How I happened to write Shadow Walkers
When I was ten, I told my father that I wanted to write a really good Hardy Boys story, and he said, as any parent would, "Why not write something of your own?" The normal reaction to this well meant advice was to write nothing for the next 40 years except school papers, sermons, computer instruction manuals, and articles for library journals.
I daydreamed through high school in the easy going 'fifties, but I still thought I could write if I'd wanted to. However, as a sophomore at Rutgers, I had Paul Fussell for English. The future Professor of English at the University of Pennsylvania, author of scholarly studies, and of popular works such as the Dumbing of America, soon disabused me. What I've learned of writing since, I learned by composing those guides and manuals for a boss who demanded clarity.
My father and I discovered J.R.R. Tolkien's Lord of the Rings in 1954. I read it several times, most recently to my son when he was six. What I particularly enjoyed in the Rings was the down to middle earth hobbits, fond of comforts, food, and gossip, and armed against monstrous evil with humor, kindness, and good sense.

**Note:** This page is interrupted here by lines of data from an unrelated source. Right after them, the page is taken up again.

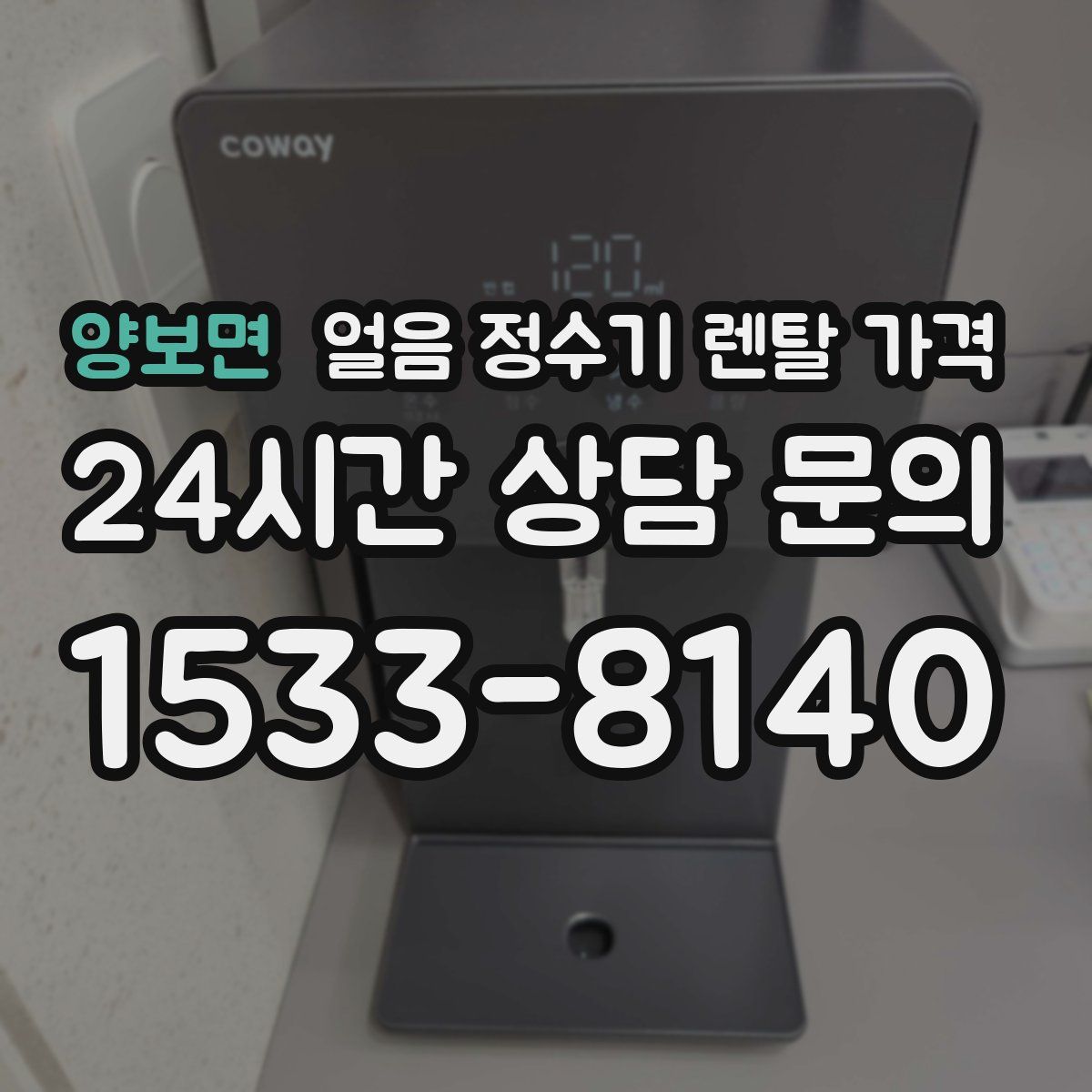 양보면 얼음 정수기 렌탈 가격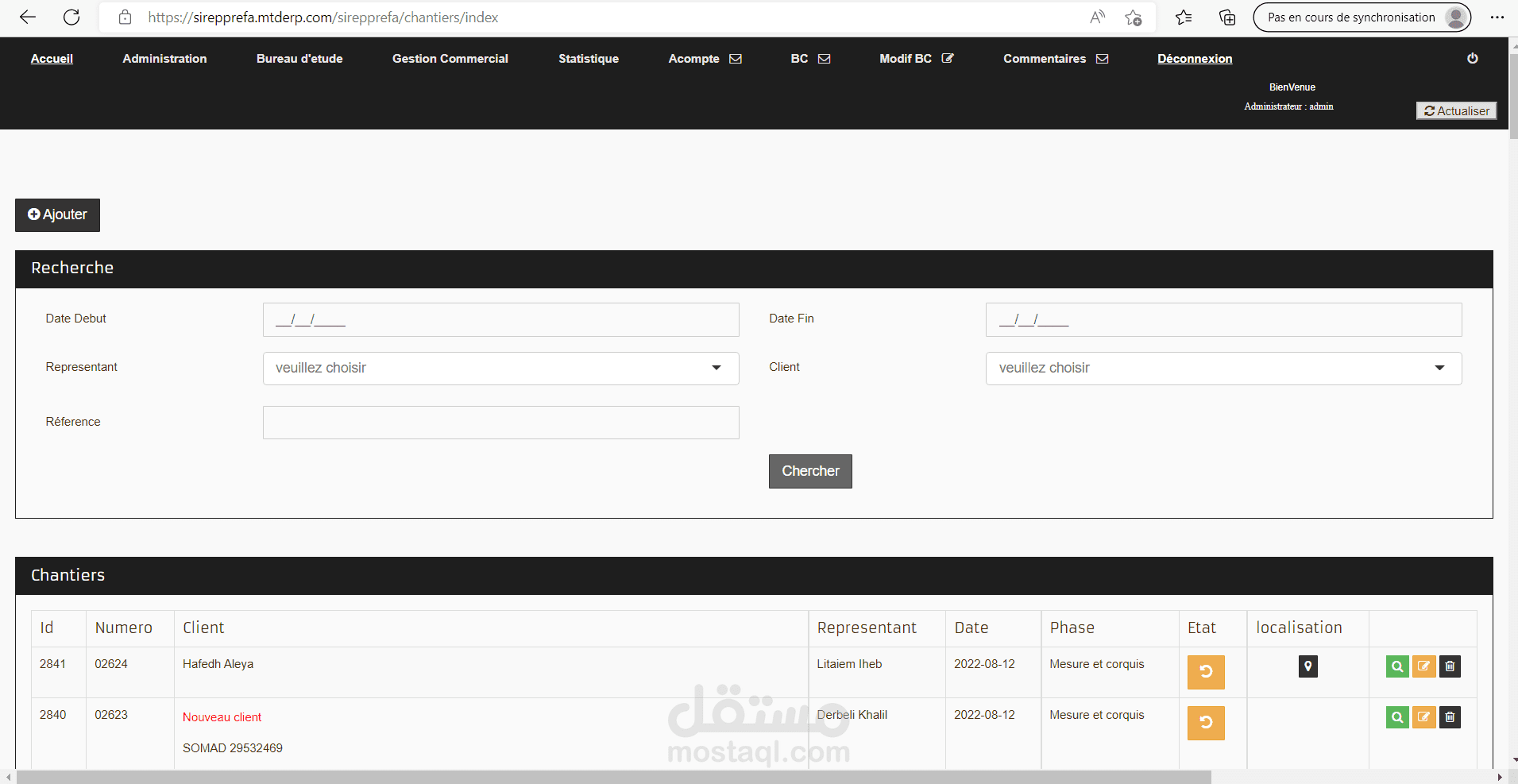 تصميم و برمجة المواقع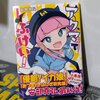 アクマでふけい！1巻買った！　内容を絶賛はしないけどやっぱり応援はしたい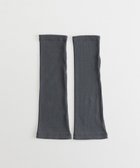 【オルクベット/ORuKuBET】のorganic cotton rib arm cover / UVカット チャコール|ID: prp329100004525009 ipo3291000000032005610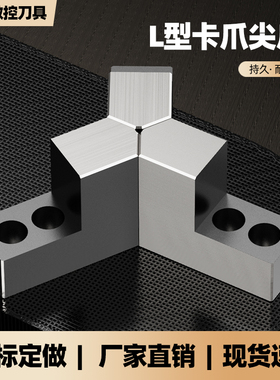 液压卡盘三爪6寸8寸10寸L型台阶加高软爪120度尖角孔位后移正反爪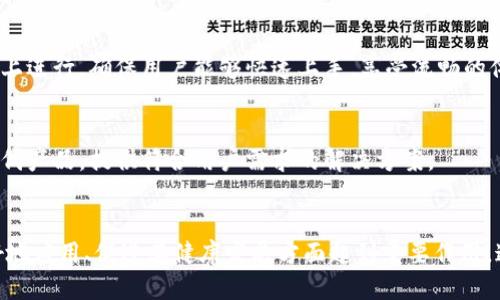 区块链领域的准则是指在区块链技术和应用开发过程中应该遵循的原则和标准。这些准则覆盖了技术实现、治理结构、安全性、隐私保护以及用户体验等多个方面。以下是几个关键的准则：

### 1. 去中心化 (Decentralization)
区块链的核心特性是去中心化，也就是说，没有单一个体或组织能够操控整个网络。去中心化不仅能够防止单点故障，也能提高系统的透明度和信任度。

### 2. 透明性 (Transparency)
区块链中的数据是公开和可验证的，所有的交易历史都被记录在链上，每个人都能查阅。这种透明性有助于建立信任，尤其是在金融和供应链等关键行业。

### 3. 安全性 (Security)
由于区块链技术的去中心化特性和加密机制，数据的篡改和伪造变得极为困难。因此，区块链的安全性是其应用的基石，同时开发者需要定期检查和更新技术，以防范潜在的安全威胁。

### 4. 隐私保护 (Privacy)
在某些应用场景中，用户的隐私是至关重要的。区块链技术需要在透明性和隐私保护之间找到平衡，例如通过使用零知识证明等技术实现用户数据的保密性。

### 5. 可扩展性 (Scalability)
随着用户和交易量的增加，区块链技术需要具备良好的可扩展性，以满足不断增长的需求。开发者应关注网络的性能和处理能力，确保系统在高负载情况下也能稳定运行。

### 6. 合规性 (Compliance)
随着区块链技术的应用日益扩大，遵守法律法规显得尤为重要。区块链项目需要关注数据保护、金融监管以及与行业相关的合规要求。

### 7. 用户体验 (User Experience)
区块链技术虽然强大，但如果用户体验较差，用户将不愿意使用。因此，开发团队需要在界面设计和使用流程上进行，确保用户能够快速上手，享受流畅的体验。

### 8. 敏捷性 (Agility)
区块链领域快速变化，技术和市场需求不断演变。开发团队需要具备敏捷的工作方式，能够快速适应变化、迭代产品，提供符合用户需求的解决方案。

### 总结
区块链领域的准则是一系列综合性原则，指导着技术的开发和应用。理解这些准则将在推动区块链技术更好地应用、促进其健康发展方面起到重要作用。通过去中心化、透明性、安全性等多个层面，区块链技术不仅仅是一种新型的技术，更是一种信任机制的创新。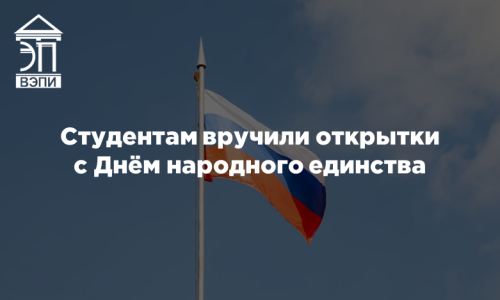 Студентам вручили открытки с Днём народного единства
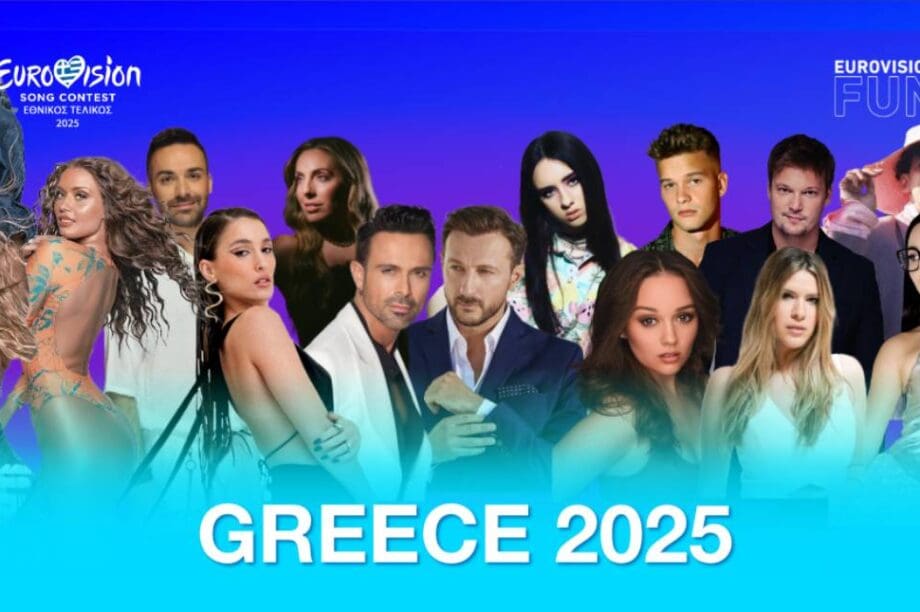Eurovision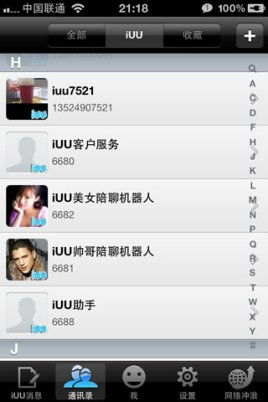 iuu是声母还是韵母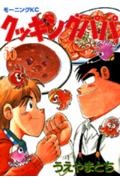 クッキングパパ（55）　（モーニング　KC）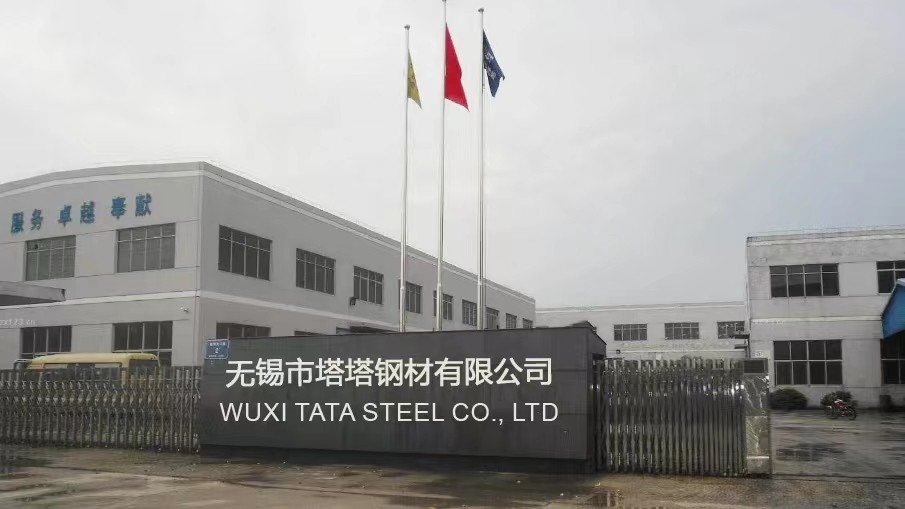 Китай Wuxi Tata Steel Co., Ltd Профиль компании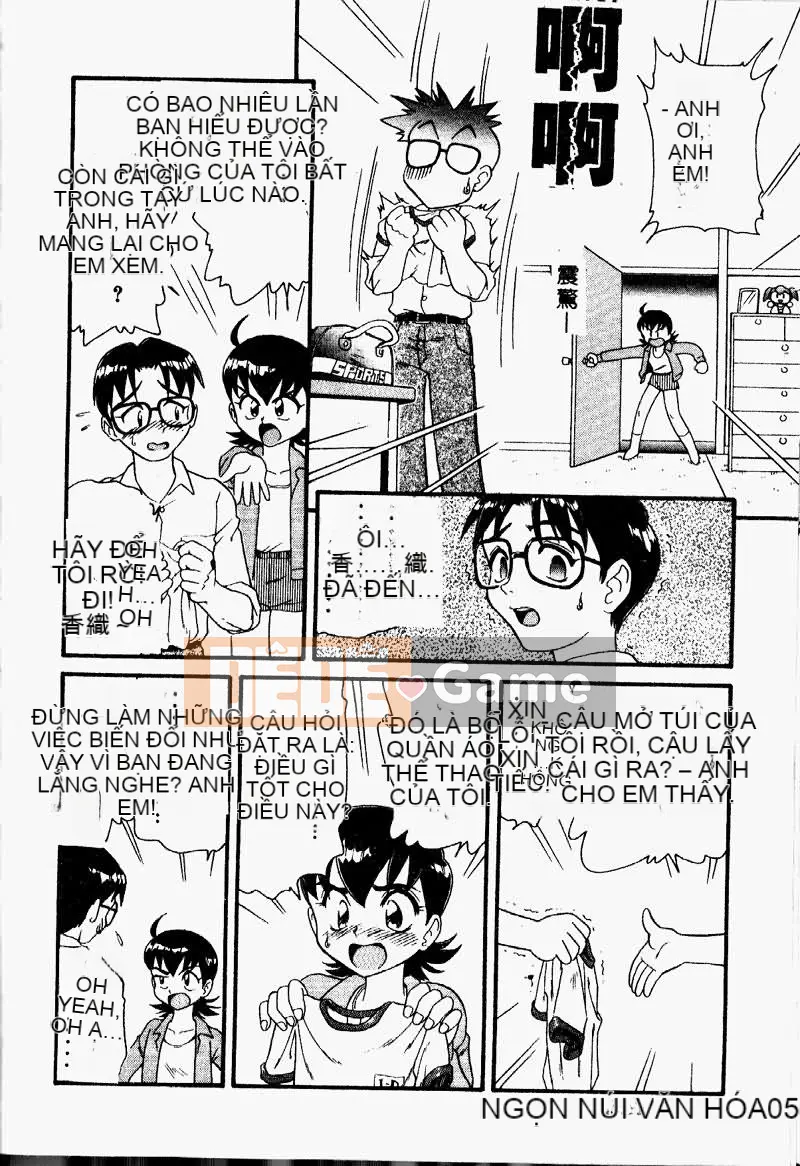 [Tuyển tập] Imoutoishi 1 [Chuu]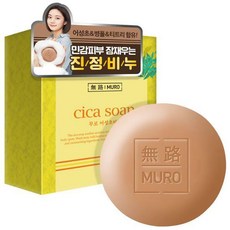무로비누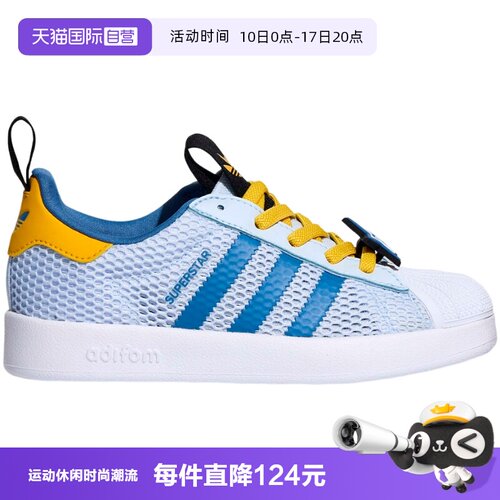 【自营】adidas阿迪达斯男小童鞋经典贝壳头运动休闲鞋 KH5663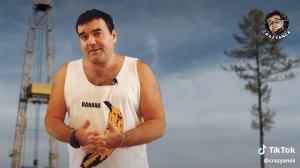 Бурильщик и обезьяна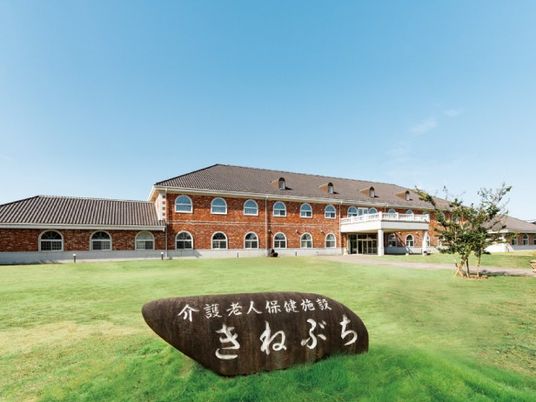 芝生のある施設外観  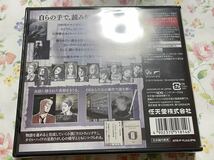 DSソフト ラストウィンドウ真夜中の約束 新品　未開封_画像2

When I knew I couldn't read the Rings again for a few years and found nothing else quite like it, I decided to try some writing in homage to Tolkien and his wizardry. The rats may have stemmed from a Scientific American article which presented them as a highly intelligent and cooperative species, or from seeing rats at the Glouscester, Massachusetts waterfront at dusk. ("Hey, look at all the really big cats...") Wherever they came from, they became my hobbits, characters who didn't need to be drawn in the confusing detail that humans require, but who could embody generosity and humor, intellectual curiosity and respect for the natural world.
I filled two spiral bound notebooks with the rats while riding on the Chestnut Hill Local in the mid-1980's. Then I bought a word processor. After I read the first chapter of the Waterrats to my son, he demanded that I read to him from the computer screen every evening what I had written that morning from 5 to 6 am. The story begins on Cape Cod and moves to an alternate world, with a topography and population to suit my fancy.
When the Waterrats was finished, there seemed to be no reason not to try to sell it. I had sent a letter and sample chaapters to fifteen publishers when Scribners Books for Young Readers asked to see the full manuscript. Scribner's said, encouragingly, that I had created "an engrossing imaginary world" with the Waterrats, but that a 700 page rat epic was too long for them to publish. They might, however, be interested in something of around 200 pages.
I wrote Shadow Walkers over the next four months. The action takes place a few years before that of the Waterrats and is a less fantastic tale of small adventures on the rats' native Cape. I think of it as my Hobbit.